Belanghebbende is aspirant-registerloods. Per maart 2003 heeft hij een leerovereenkomst gesloten voor de opleiding tot registerloods. Na het voltooien van deze opleiding is belanghebbende op 1 april 2004 toegetreden tot niet-beherend vennoot van een maatschap van registerloodsen. In januari 2004 is belanghebbende verhuisd naar Vlissingen. Belanghebbende wenst de verhuiskosten in mindering te brengen op zijn inkomen uit werk en woning. Naar het oordeel van de rechtbank kunnen verhuiskosten alleen in aftrek worden gebracht als sprake is van ondernemingskosten. Het enkel volgen van de opleiding kan niet worden gezien als het uitoefenen van een onderneming. Ook de benoeming in maart 2003 tot toekomstig niet-beherend vennoot leidt naar het oordeel van de rechtbank niet tot het ontstaan van een onderneming. Tot slot kan de verhuizing niet worden aangemerkt als een voorbereidingshandeling voor het tot stand komen van een onderneming. Daarvoor bestaat onvoldoende direct verband tussen de verhuizing en de toekomstige onderneming. De verhuiskosten kunnen niet in aftrek worden gebracht.

Uitspraak

RECHTBANK ‘S-GRAVENHAGE

Sector bestuursrecht, enkelvoudige belastingkamer

Procedurenummer: AWB 11/1614

Uitspraakdatum: 4 oktober 2011

Proces-verbaal van de mondelinge uitspraak als bedoeld in afdeling 8.2.6 van de Algemene wet bestuursrecht (Awb) juncto artikel 27d van de Algemene wet inzake rijksbelastingen (AWR) in het geding tussen

[belanghebbende], wonende te [woonplaats],

belanghebbende,

en

de inspecteur van de Belastingdienst/Rijnmond, kantoor Rotterdam,

de inspecteur.

De bestreden uitspraak op bezwaar

De uitspraak van de inspecteur van 3 september 2010 op het bezwaar van belanghebbende tegen de aan belanghebbende voor het jaar 2004 opgelegde aanslag inkomstenbelasting en premie volksverzekeringen naar een belastbaar inkomen uit werk en woning van € 78.573 (aanslagnummer [nummer]H.46).

Zitting

Het onderzoek ter zitting heeft plaatsgevonden op 20 september 2011 te Middelburg.

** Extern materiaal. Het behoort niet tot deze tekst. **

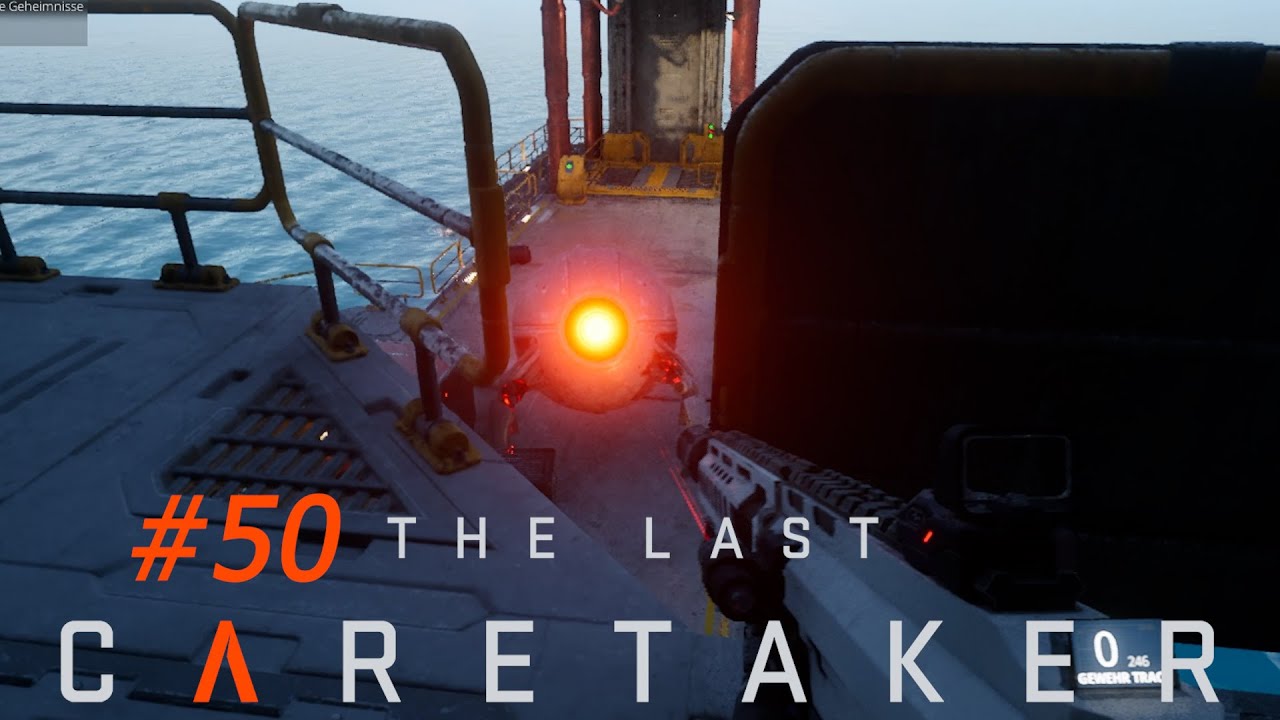 Recycling Hof - The Last Caretaker / Folge 50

Aldaar zijn verschenen en gehoord, de gemachtigde van belanghebbende [gemachtigde], verbonden aan Accountants- en Adviesgroep Rijkse te Middelburg, alsmede namens de inspecteur, [gemachtigden].

1.Beslissing

De rechtbank verklaart het beroep ongegrond.

2.Gronden

2.1.Belanghebbende heeft als aspirant registerloods op 1 maart 2003 een leerovereenkomst gesloten met de Regionale Loodsencorporatie Scheldemonden (hierna: RLC) en Stichting opleiding en deskundigheidsbevordering registerloodsen (hierna: Strodel). Belanghebbende ontving gedurende de opleiding een maandelijkse vergoeding alsmede een vakantietoeslag van 8%. Daarnaast had belanghebbende volgens de leerovereenkomst recht op een pensioenregeling en vakantiedagen.

2.2.Op 16 januari 2004 is belanghebbende verhuisd naar Vlissingen. Nadat belanghebbende zijn opleiding tot registerloods heeft afgerond, is hij op 1 april 2004 als niet-beherend vennoot toegetreden tot een maatschap van registerloodsen, de [maatschap] (hierna: [de maatschap]). Tussen partijen is niet in geschil dat niet-beherend vennoten van [de maatschap] ondernemer zijn in de zin van artikel 3.4 Wet IB 2001.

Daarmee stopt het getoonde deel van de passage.